Which statement expresses one of the reasons why managing an international business is different from managing a purely domestic business?

Domestic business involves those economic transactions that take place inside the geographical boundaries of a country. Both the buyer and seller belong to the same country in this form of business. Domestic business is also known as ‘Internal Business’ or ‘Home Trade’. It is relatively easier to conduct business research in domestic business when compared to companies from abroad, and the degree of risk is also much lower. The selling process, currency, type of customers, taxation laws, and other regulations are more or less uniform, which can significantly benefit any organisation.

International Business

International business involves those economic transactions that take place outside the geographical boundaries of a country. The buyer and seller do not belong to the same country in this form of business. Companies involved in international business are known as ‘Multinational’ or ‘Transnational’ companies. It is much more difficult to conduct business research on international business firms when compared to domestic companies, and the degree of risk is also higher. The selling process, currency, type of customers, taxation laws and other regulations are different for the buyer and seller, which can be a hindrance for any organisation to conduct business.

Differences between Domestic and International Business

The main differences between Domestic and International Business are as follows:

Domestic Business

International Business

Definition

Domestic business involves those economic transactions that take place within the geographical boundaries of a country.

International business involves those economic transactions that take place outside the geographical boundaries of a country.

Buyer and Seller

Both the buyer and seller belong to the same country in domestic business.

The buyer and seller belong to different countries in international business.

Currency

Domestic businesses deal with the same currency since both the buyer and seller are from the same country.

International businesses deal with different currencies since the buyer and seller are not from the same country.

Customers

There is greater homogeneity in terms of the nature of customers of domestic businesses.

There is greater heterogeneity in terms of the nature of customers of international businesses.

Geographical Boundaries

Geographical boundaries limit domestic businesses.

Geographical boundaries do not limit international businesses.

Business Research

Business Research is less complex and relatively cheaper for domestic businesses compared to international organisations.

Business Research is more complex and relatively expensive for international businesses compared to domestic companies.

Capital Investment

Capital investment is lower for companies that are involved in domestic business.

Capital investment is higher for companies that are involved in international business.

Factors of Production

The domestic business has greater mobility of factors of production compared to international business.

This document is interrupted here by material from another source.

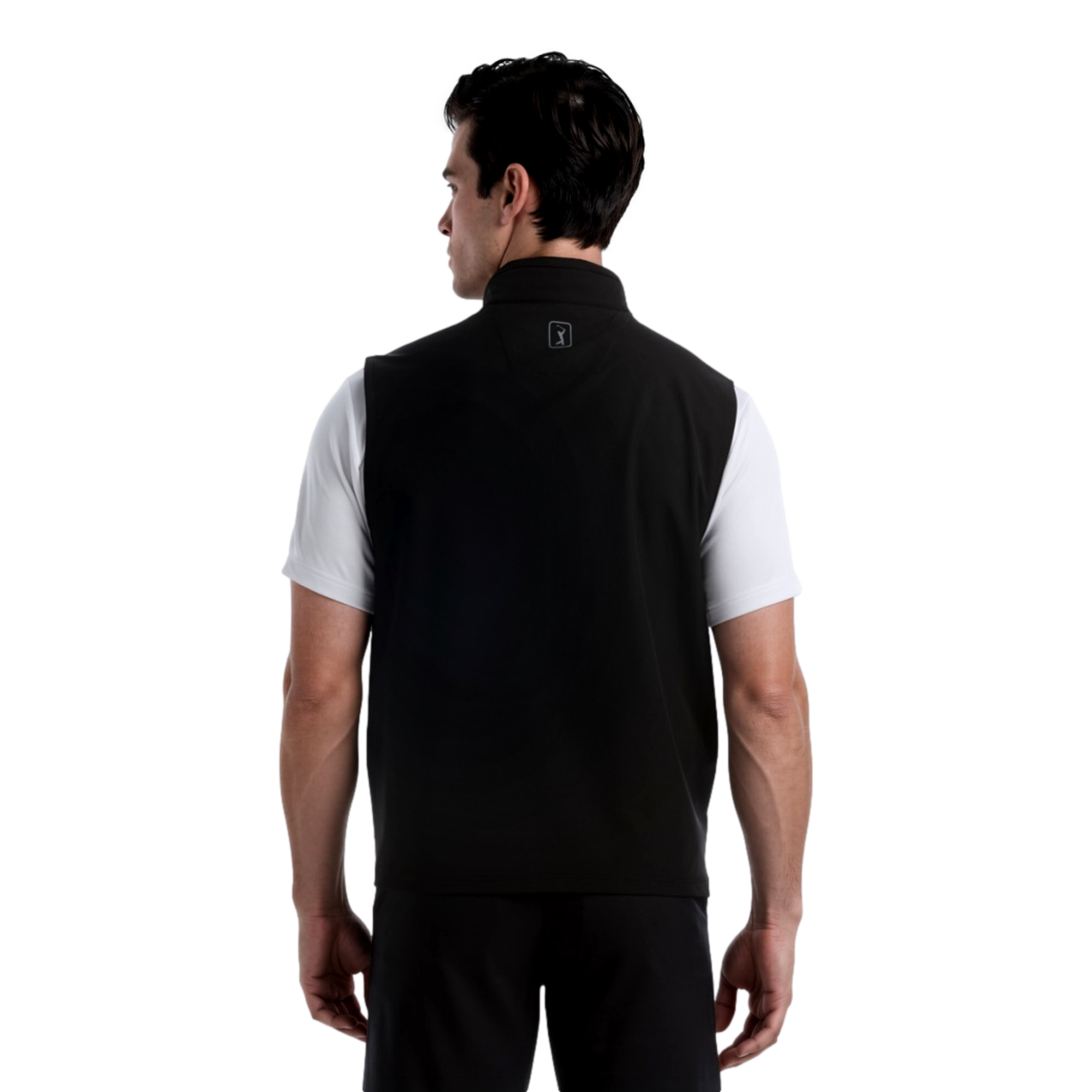Packable Men's Golf Vest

The international business has lesser mobility of factors of production compared to domestic business.

Restrictions

Domestic business involves lesser restrictions than international business.

International business involves greater restrictions than domestic business.

Quality Standards

The quality standards for domestic business tend to be relatively lower than international business.

The quality standards for international business tend to be relatively higher than domestic business.

Conclusion

The difference between Domestic and International Business indicates that a company must do both to survive and grow in the market. Both these forms of businesses have their advantages, for any organisation that wants to succeed in these markets must design its business strategies accordingly.

Also See:

  • Difference between Traditional Commerce and E-Commerce
  • Meaning and Characteristics of Not for Profit Organisations
  • Nature and Significance of Principles of Management
  • The Law of Diminishing Marginal Product and the Law of Variable Proportions

Why is managing an international business different from managing a domestic business?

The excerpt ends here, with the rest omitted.